Plan 9 From Outer Space (Uzaylıların 9 numaralı Planı / 1959 )
Edward D. Wood Jr. sinema tarihinin belki de en iyi “kötü” yönetmeni. Bu eseri ise onun en bilinen ve kimi festivallere defalarca konuk olan iyi bir kötü film örneği. Bir nevi “Dünyayı Kurtaran Adam” sendromu. Gerçekleştirdiği birbirinden absürt filmlerle adını duyuran Wood Jr., aynı zamanda yapımlarında sergilemeye çalıştığı ciddi olma çabası da ayrı bir absürtlüktür. Özel yaşamında kadın elbiseleriyle dolaşmaktan hoşlanan bu ilginç kişilik, popülerliğini öldükten yıllar sonra sinefiller sayesinde yakalandı.
Plan 9 From Outher Space, kötü oyunculukları, ucuz efektleri ve saçma konusuyla ilginç bir çekiciliğe sahip. Kötü uzaylılar, dâhiyane bir fikirle, Dünya’yı ele geçirmek için dirilttikleri ölüleri kullanmak isterler. Birbirinden kopuk gözüken kurgusu ve planlarıyla takip edilmesi zor bir seyirlik. Kurbanların, üzerlerine doğru yavaşça gelen yaşayan ölülerden kaçmayıp adeta donup kalmaları ayrı bir eğlence vaat ediyor. Oltanın ucuna takılmış gibi durup sallandırılan UFO’ları izlerken ne düşüneceğimizi bilemiyoruz. Yapımın, açılış ve kapanış sahnesinde yer alan, tuhaf bir saç sekline ve kibirli bir ses tonuna sahip anlatıcı görülmeye değer. Yapım, sinema tarihinin en iyi kötü filmlerinden biri olarak keşfedilmesi gerekenlerden. Tim Burton, bu tuhaf yönetmenin hikâyesini anlattığı Ed Wood (1994) ile onun daha da geniş kitlelerce tanınmasını sağlamıştı. John Deep başarılı bir Ed Wood performansı ortaya koymuştu.

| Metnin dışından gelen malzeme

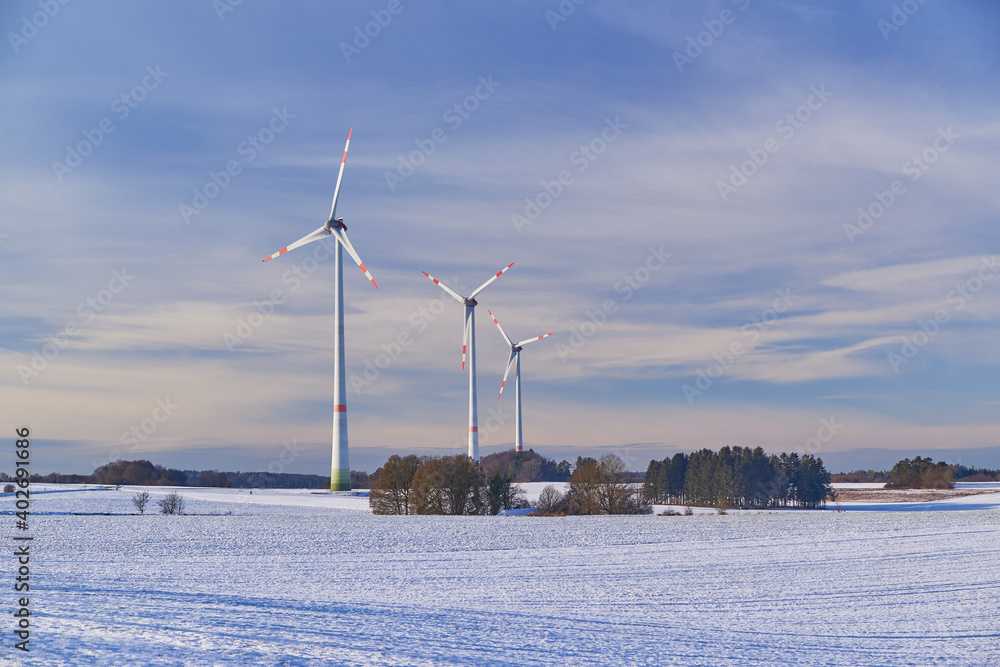 Fototapeta premium Windfarm on snowy farmland during sunset. Wind turbines on snowy farmland during sunset.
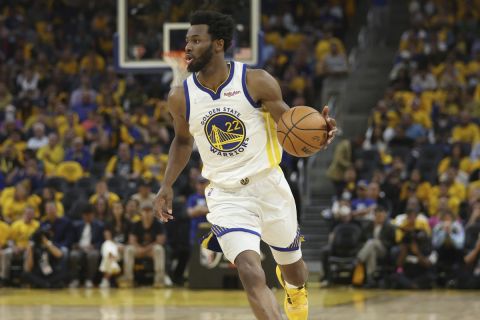 Golden State Warriors forward Andrew Wiggins (22) during Game 5 of basketball's NBA Finals against the Boston Celtics in San Francisco, Monday, June 13, 2022. (AP Photo/Jed Jacobsohn)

Planet Of The Apes (Maymunlar Cehennemi / 1968)
Bilimkurgu filmlerinin içinde Planet Of The Apes gerçek bir mihenk taşı. Tim Burton yönetimindeki 2001 tarihli yeniden çevrim başarı gösteremese de 2011 tarihli Rise Of The Planet Of The Apes belli bir başarıya ulaşmayı başardı. Eserin en büyük başarısı, varoluşsal ve felsefi soruları öyküde çok fazla ön plana çıkarmadan, karakter odaklı bir yol izlemesi. Yapım, ünlü unutulmaz final sahnesiyle zaten gerekli olan felsefi mesajını vermeyi başarıyor.
Evrim konusunu farklı bir bakış açısıyda ele alan yapım, hikâyesini post apokaliptik bir dünyada sunuyor. Yaşanan bir felaket sonucunda zamanla zekileşen maymunlar, gelecekte kendi medeniyetlerini kurar. İnsanlar, medeni anlamda hayvanlarla yer değiştirir bir konuma gelmiştir. Doğanın bir nevi intikamı diyebileceğimiz bu durumda, çevreci mesajlar fark ediliyor. Yaşadığı gezegenin tüm kaynaklarını tüketmiş olan insan, gerçekten yaşadığı gezegeni hak etmekte midir? Astronot George Taylor (Charlton Heston) final sahnesinde, kumsala adeta saplanmış halde duran, özgürlük heykelini gördüğünde dehşete düşer; gördüğü manzara karşısında da Tanrı’ya lanet okur . Tanrı’ya, insanı yarattığı için lanet okumuştur adeta. Final sahnesi yüzünden yapım muhafazakar kesim tarafından epey tepki çekmişti. Başarılı makyaj çalışması, yönetimi ve öngörüleriyle Planet Of The Apes gerçek bir başyapıt. Sinemada geçmişten geleceğe kalacak en büyük miraslardan.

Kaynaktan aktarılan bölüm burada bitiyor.